At the microscopic level, diffusion bonding occurs in three simplified stages:
- Microasperity deformation- before the surfaces completely contact, asperities (very small surface defects) on the two surfaces contact and plastically deform. As these asperities deform, they interlink, forming interfaces between the two surfaces.
- Diffusion-controlled mass transport- elevated temperature and pressure causes accelerated creep in the materials; grain boundaries and raw material migrate and gaps between the two surfaces are reduced to isolated pores.
- Interface migration- material begins to diffuse across the boundary of the abutting surfaces, blending this material boundary and creating a bond.

== Benefits ==
- The bonded surface has the same physical and mechanical properties as the base material. Once bonding is complete, the joint may be tested using tensile testing for example.
- The diffusion bonding process is able to produce high quality joints where no discontinuity or porosity exists in the interface.
- Diffusion bonding enables the manufacture of high precision components with complex shapes.
- The diffusion bonding method can be used widely, joining either similar or dissimilar materials, and is also important in processing composite materials.
- The process is not extremely hard to approach and the cost to perform the diffusion bonding is not high.
- The material under diffusion is able to reduce the plastic deformation.

== Applicability ==

Animation of sheet forming process using diffusion welding (see also hydroforming).

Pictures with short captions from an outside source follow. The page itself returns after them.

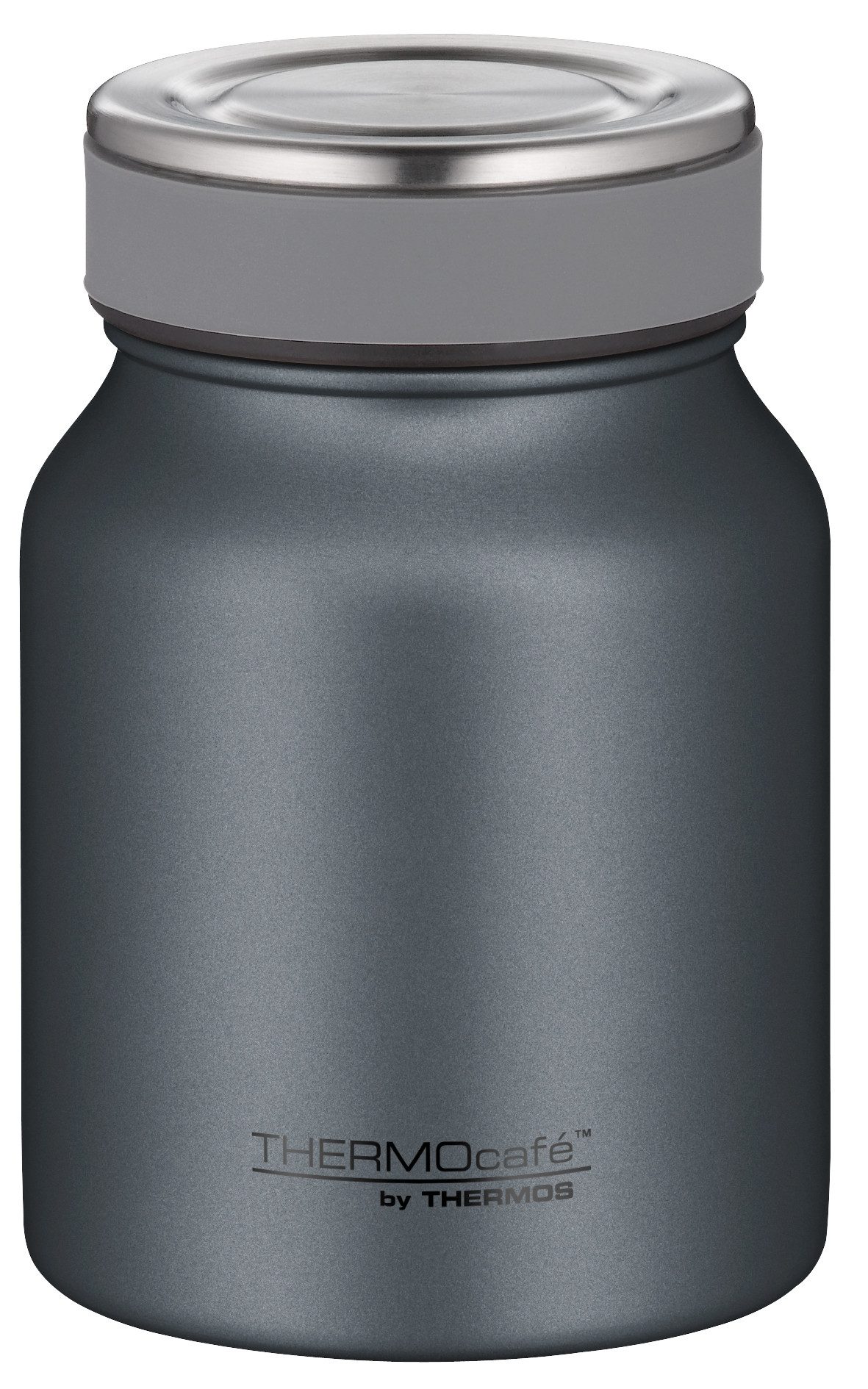 THERMOcafé Thermobehälter TC FOOD JAR, Thermobehälter für Essen, spülmaschinenfest, Edelstahl, Kunststoff, Silikon, (1-tlg), 0,5l, 9h heiß & 14h kalt, dicht & auslaufsicher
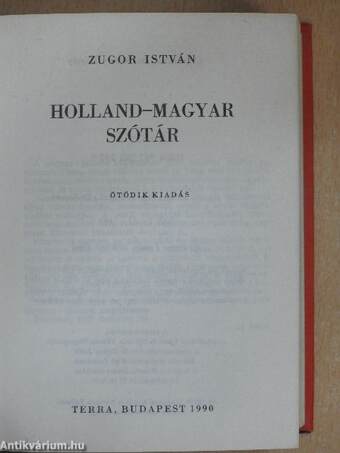 Holland-magyar szótár 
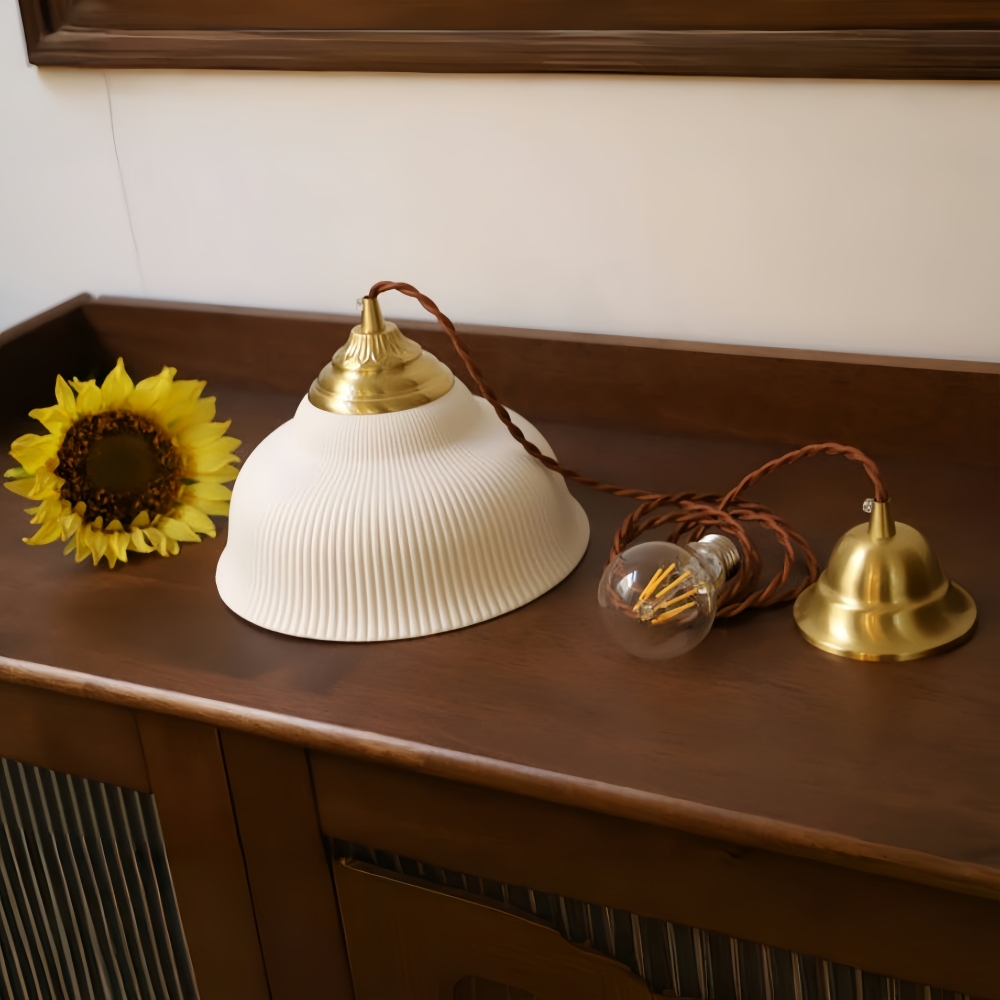 Modern bedroom bedside lamp minimalist and creative circular glass chandelier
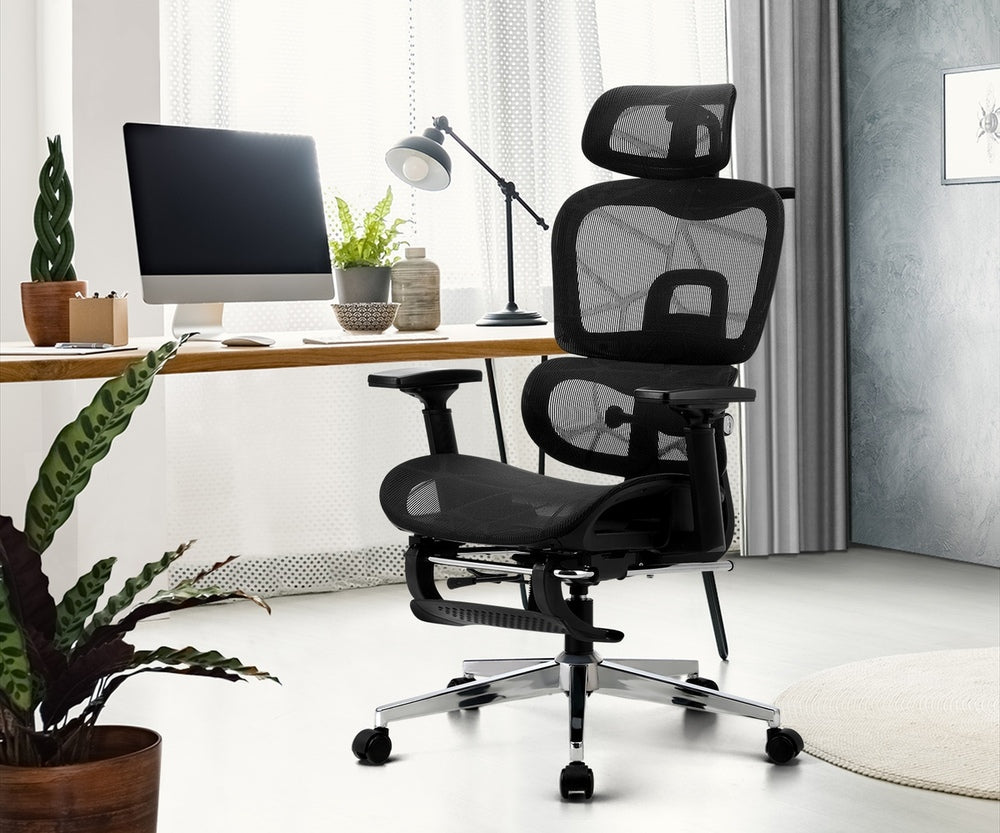 Oikiture Ergonomic Office Chair Mesh Executive Seat Black-Office Chair-PEROZ Accessories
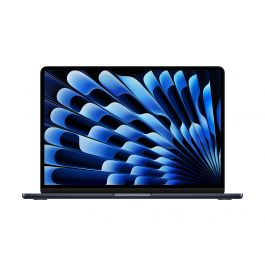 Resigilat: MacBook Air 13", procesor Apple M3, 8 nuclee CPU si 8 nuclee GPU, 16GB, 256GB, Midnight, INT KB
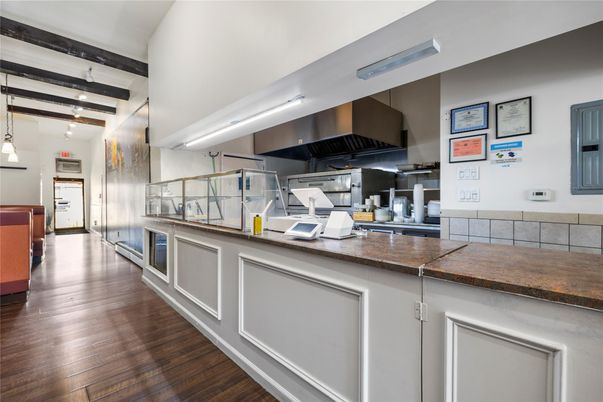 Interior, Kitchen, Pendant Lights, Wooden Beams, Wood Texture Flooring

Diffusion bonding is primarily used to create intricate forms for the electronics, aerospace, nuclear, and microfluidics industries. It is effective at making parts with microchannels. Since this form of bonding takes a considerable amount of time compared to other joining techniques such as explosion welding, parts are made in small quantities, and often fabrication is mostly automated. However, due to different requirements, the required time could be reduced. In an attempt to reduce fastener count, labor costs, and part count, diffusion bonding, in conjunction with superplastic forming, is also used when creating complex sheet metal forms. Multiple sheets are stacked atop one another and bonded in specific sections. The stack is then placed into a mold and gas pressure expands the sheets to fill the mold. This is often done using titanium or aluminum alloys for parts needed in the aerospace industry.

Typical materials that are welded include titanium, beryllium, and zirconium. In many military aircraft diffusion bonding will help to allow for the conservation of expensive strategic materials and the reduction of manufacturing costs. Some aircraft have over 100 diffusion-bonded parts, including fuselages, outboard and inboard actuator fittings, landing gear trunnions, and nacelle frames.